Mizahın birleştiriciliğinin siyasi gündemler uğruna heba edilmemesi, mizahın silah gibi kullanılmaması gerektiği belirtilen mektupta şunlar kaydedildi:

"Bu çirkin tavrı en başından beri açıkça kınıyor ve itham ediyoruz. Tarih önünde itham ediyoruz, insanlık önünde itham ediyoruz, vicdanlar önünde itham ediyoruz. Daha fazla nefretin yayılmasını sağlamaktan başka bir şey yapmayacak bu sorumsuzluğun dünya barışına yönelik büyük bir tehdit olduğunu da hatırlatmak istiyoruz. İyi niyetli tüm ikazları daha büyük hakaretlerle karşılayan Fransız yöneticileri ve bu saldırgan nefret söylemine dur demeyerek doğrudan ve dolaylı rıza gösteren herkes ortaya çıkan vahim tablonun sorumlularıdır.

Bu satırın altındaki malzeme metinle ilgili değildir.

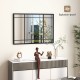 Black metal framed wall mounted mirror, 40 x 28 inches, shatterproof design for living room or bedroom decor.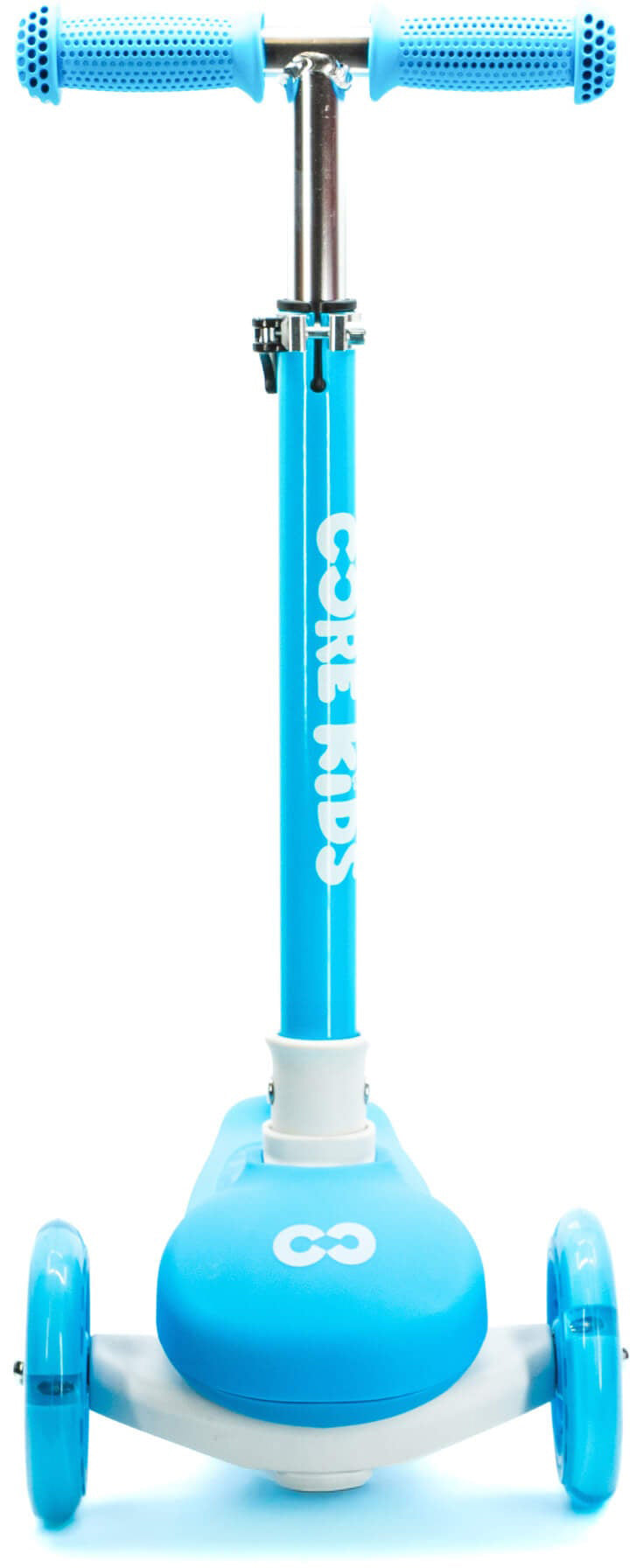 A blue three-wheeled kids’ scooter, the CORE Foldy 3 Wheel Kids Scooter by CORE, featuring an adjustable handlebar and rubber handles, with “CORE” written vertically on the stem.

Fransa, geçmişte olduğu gibi bugün de büyük leke almak istemiyorsa, benim 122 yıl önce gösterdiğim cesareti göstermeli, ırkçılık ve nefret üreten bu bataklığın daha fazla koku üretmesine mani olmalıdır."

Mektupta, "basın özgürlüğünün, inançları tahkir etmenin aracı olamayacağı" vurgulanarak, şöyle denildi:

"Dün Yahudilere, bugünse Müslümanlara yönelen bu nefret dalgasının Fransa'nın sahip olduğunu iddia ettiği değerleri yok etmesinden önce harekete geçmek zorundasınız. Recep Tayyip Erdoğan'a yöneltilen hakaretin asıl hedefinin kim olduğunu hepimiz biliyoruz. Asıl hedef İslam'dır. Buna, çirkin nefret söylemine direnme sorumluluğu Fransa'nın hırstan gözü dönmüş siyasetçilerine bırakılmayacak kadar değerlidir. Bu sorumluluk insanlık onurunu ayaklar altına almayacak, insanları dini inançlarına göre sınıflandırmayacak, ayrımcılık gütmeyecek tüm Fransızların omuzlarında yükselmelidir. Bu tarihi günde sessiz kalan ve nefretin yayılmasına aracılık eden herkesi suçun ortağı olmakla itham ediyorum."